Sub-Inspector Golam Faruk said the victim was not run over by train and that foam came out of his mouth leading them to primarily believe that it was a homicide case.
'Covert killings'
The new generation protest, which has spread like wildfire and been replicated across the nation, has been calling for maximum penalty of death for convicted war crimes and a ban on the Jamaat itself alongwith nationalisation of the organisations tied to it.
Bulbul had told Bangladesh’s first war crimes tribunal that before his very eyes the Pakistani army took away police officer Shiru Mia and his son Kamal along with 36 others from Brahmanbaria jail for killing.
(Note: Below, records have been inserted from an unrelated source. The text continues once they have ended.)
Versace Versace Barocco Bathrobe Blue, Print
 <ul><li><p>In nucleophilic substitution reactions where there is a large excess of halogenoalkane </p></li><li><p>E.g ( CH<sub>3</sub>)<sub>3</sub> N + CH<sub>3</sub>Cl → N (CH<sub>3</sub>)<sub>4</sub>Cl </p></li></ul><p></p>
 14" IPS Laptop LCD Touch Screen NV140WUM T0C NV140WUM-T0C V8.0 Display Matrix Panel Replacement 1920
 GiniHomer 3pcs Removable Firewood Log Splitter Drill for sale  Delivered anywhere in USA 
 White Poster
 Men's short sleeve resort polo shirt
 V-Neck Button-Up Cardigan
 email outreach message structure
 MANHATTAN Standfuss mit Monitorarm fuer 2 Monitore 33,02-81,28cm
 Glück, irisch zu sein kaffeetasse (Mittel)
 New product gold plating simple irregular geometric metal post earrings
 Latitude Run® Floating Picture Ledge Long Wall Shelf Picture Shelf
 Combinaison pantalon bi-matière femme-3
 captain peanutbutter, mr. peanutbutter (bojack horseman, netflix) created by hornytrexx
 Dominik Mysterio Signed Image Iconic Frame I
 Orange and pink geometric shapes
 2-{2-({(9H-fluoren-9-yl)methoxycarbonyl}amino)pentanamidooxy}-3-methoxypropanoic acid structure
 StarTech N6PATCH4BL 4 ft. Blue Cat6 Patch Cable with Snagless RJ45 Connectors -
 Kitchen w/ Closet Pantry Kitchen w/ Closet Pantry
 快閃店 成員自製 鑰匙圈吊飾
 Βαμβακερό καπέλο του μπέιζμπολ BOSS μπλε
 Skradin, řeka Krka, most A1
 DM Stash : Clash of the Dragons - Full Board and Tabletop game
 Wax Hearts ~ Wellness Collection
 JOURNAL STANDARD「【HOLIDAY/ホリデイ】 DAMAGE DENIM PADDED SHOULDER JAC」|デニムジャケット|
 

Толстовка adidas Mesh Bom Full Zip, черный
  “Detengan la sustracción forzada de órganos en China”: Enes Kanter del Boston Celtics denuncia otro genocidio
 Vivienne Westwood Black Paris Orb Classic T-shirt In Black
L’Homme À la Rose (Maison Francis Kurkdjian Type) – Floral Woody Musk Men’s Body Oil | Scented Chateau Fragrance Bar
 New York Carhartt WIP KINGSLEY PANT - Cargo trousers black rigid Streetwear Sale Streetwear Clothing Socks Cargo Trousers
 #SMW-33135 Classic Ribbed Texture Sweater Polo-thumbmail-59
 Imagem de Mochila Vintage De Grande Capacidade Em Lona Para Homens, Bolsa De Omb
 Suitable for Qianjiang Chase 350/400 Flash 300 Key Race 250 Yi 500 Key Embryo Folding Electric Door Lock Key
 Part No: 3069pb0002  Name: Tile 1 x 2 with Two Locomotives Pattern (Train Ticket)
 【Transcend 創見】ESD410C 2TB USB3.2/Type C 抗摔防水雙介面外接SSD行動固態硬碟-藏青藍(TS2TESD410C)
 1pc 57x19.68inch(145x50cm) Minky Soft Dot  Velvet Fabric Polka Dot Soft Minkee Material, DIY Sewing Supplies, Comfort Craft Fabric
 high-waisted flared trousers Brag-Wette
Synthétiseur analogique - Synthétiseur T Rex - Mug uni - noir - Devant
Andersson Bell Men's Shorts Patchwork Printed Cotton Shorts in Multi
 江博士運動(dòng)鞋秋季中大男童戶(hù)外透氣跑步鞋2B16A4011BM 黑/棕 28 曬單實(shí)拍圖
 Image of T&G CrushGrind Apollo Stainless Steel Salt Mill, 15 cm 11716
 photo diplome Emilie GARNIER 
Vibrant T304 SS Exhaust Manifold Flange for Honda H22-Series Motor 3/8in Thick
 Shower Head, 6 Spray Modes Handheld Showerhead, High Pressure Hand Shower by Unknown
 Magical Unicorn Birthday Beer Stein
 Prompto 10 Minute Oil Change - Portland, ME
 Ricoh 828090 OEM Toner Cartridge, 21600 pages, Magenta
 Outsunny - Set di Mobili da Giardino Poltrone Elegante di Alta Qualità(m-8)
He said he had later heard that all 38 had been killed at Koiratola on that November night, which was the night of Eid-ul-Fitr in 1971.
Only on Friday, Tanvir Mohammad Twaki, 17, son of Rafiur Rabbi, the convener of the Narayanganj replica of Shahbagh’s ‘Ganajagaran Mancha’, was found dead on the Shitalakkhya River there, two days after he had gone missing.
Family members suspect that Twaki was killed by Jamaat-e-Islami and its student front Islami Chhatra Shibir in a covert mission.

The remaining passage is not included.